Panetta made the statements before the Senate Intelligence committee and in an interview with AP. He stated that
“[i[t was my opinion we just can’t operate if people feel even if they are following the legal opinions of the Justice Department.” While he did not address the prosecution of those who ordered the war crimes, he categorically dismissed the idea that you could be prosecuted for just following orders. Of course, that is precisely the defense that we rejected after World War II and executed those who made the “just following orders defense.” We do not apply the same standard to terrorism: we will prosecute the head of Al Qaeda or Libyan intelligence service in a terrorism case but not the individuals who carried out the orders. Like other crimes, you are not allowed to commit torture and you are expected to refuse. Some did refuse in this country and those who did not committed a war crime.
None of this means that low-level CIA employees were likely to be prosecuted or that they had no defense. As I have said before, these employees can make an estoppel defense argument. However, such defenses are made in the course of an investigation. No reasonable leader should state that there is some irrebuttable presumption that an alleged torturer cannot be prosecuted if he was just following orders. The harm done from such careless statements to international law is incalculable. Moreover, by starting with such statements, you remove any leverage of investigations in seeking the cooperation of low-level individuals, who are less likely to cooperation if they know that they cannot or will not be prosecuted for their roles. President Obama and now Panetta have created a new American rule that, so long as a lawyer tells you to commit a war crime, you are immune from prosecution.
Finally, there is the problem of a future CIA director making such an announcement. While Panetta said he would “leave to others” the question of whether high-ranking officials might be prosecuted for war crimes, he could assure the committee that the actual torturers would be given immunity. It is a dangerous and presumptuous claim for an agency head to make. Even an attorney general nominee would be unwise to make such a categorical claim. A CIA director has no part in the decision whether one of his people should be charged as a war criminal — a legal question.
On the renditions question, Panetta was equally baffling. When pressed by Sen.
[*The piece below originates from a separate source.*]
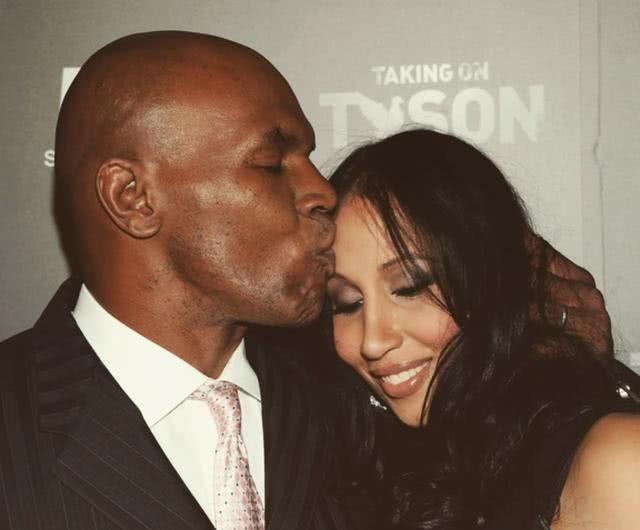 1988年夏，纽约豪宅的实木门在巨响中裂开。拳王泰森站在玄关，指节因用力泛白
Kit Bond (R., Mo.) on his prior statement that there was a policy to rendition individuals for torture, Panetta conceded that he was “not aware of the validity of those claims” and retracted the statement. Bond then publicly spanked him for “making statements or making judgments based on rumors and news stories,” saying that this was just rumors put out by “liberal blogs” and journalists.
However, it was not liberal blogs and journalists who put out these statements. Various people involved in the case admitted that they routinely used rendition for this purpose and many such cases show precisely this pattern. Panetta should have said that we can debate the meaning of an “official policy.” However, where there is such a pattern and understanding, many would view it as a policy. Policies are not formed like legislation or regulations with a record of committee reports or federal register events to mark its creation. Many an administration routinely renditions individuals, who are tortured, there is ample reason to call it a de facto policy.